Well, this is all over the news today and for good reason. This site and about a million others would fade away in a record sweep by the American Congress. Early rumors are that it is not going to pass despite a large corporate backing. It shouldn’t pass either. The people are pissed off enough already and now this? Keep the internet free.
PROTECT-IP is a bill that has been introduced in the Senate and the House and is moving quickly through Congress. It gives the government and corporations the ability to censor the net, in the name of protecting “creativity”. The law would let the government or corporations censor entire sites– they just have to convince a judge that the site is “dedicated to copyright infringement.”
The government has already wrongly shut down sites without any recourse to the site owner. Under this bill, sharing a video with anything copyrighted in it, or what sites like Youtube and Twitter do, would be considered illegal behavior according to this bill.
According to the Congressional Budget Office, this bill would cost us $47 million tax dollars a year — that’s for a fix that won’t work, disrupts the internet, stifles innovation, shuts out diverse voices, and censors the internet. This bill is bad for creativity and does not protect your rights.”
A coworker sent news of this to me this morning and I was shocked. Apparently a bill is pending in Congress that would virtually strip all rights to creative works from artists, designers, musicians, you name it.

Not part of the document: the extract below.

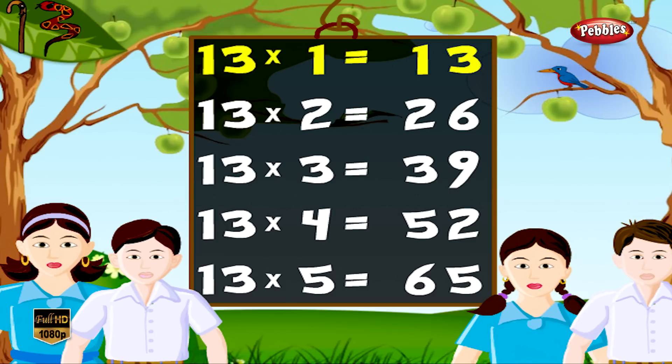13 1s are 13, 13 2s are 26, 13 3s are 39, 13 4s are 52, 13 5s are 65.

The bill has been referred to as the ‘end of copyright’. Currently and since 1976, in order to be more compatible with international copyright laws, if you have created something you do not have to pay to protect it. It is automatically considered so. Under this new bill apparently, this would change, whereas if you wanted your work legally protected, you would have to pay to do so. If you could not pay or afford to pay, then your work would be up for grabs by (most likely) people with more money than you. Nothing you create would be protected and putting anything online would be placing your work directly in harms way. You would have to pay to own your own work or that work would be deemed an ‘orphan’ and available for use by anyone willing to pay the government the right to license. The scariest part is that this also encompasses anything you release online, which for many of us is our best work because we use the internet to promote ourselves to potential employers and contractors.
The legislation was introduced about 3 years ago and, rightly so, has been difficult to pass. The bill is being reviewed today and could pass very soon. My question is how do bills like this even get introduced into legislation when they fly in the face of working Americans? How broken is our system?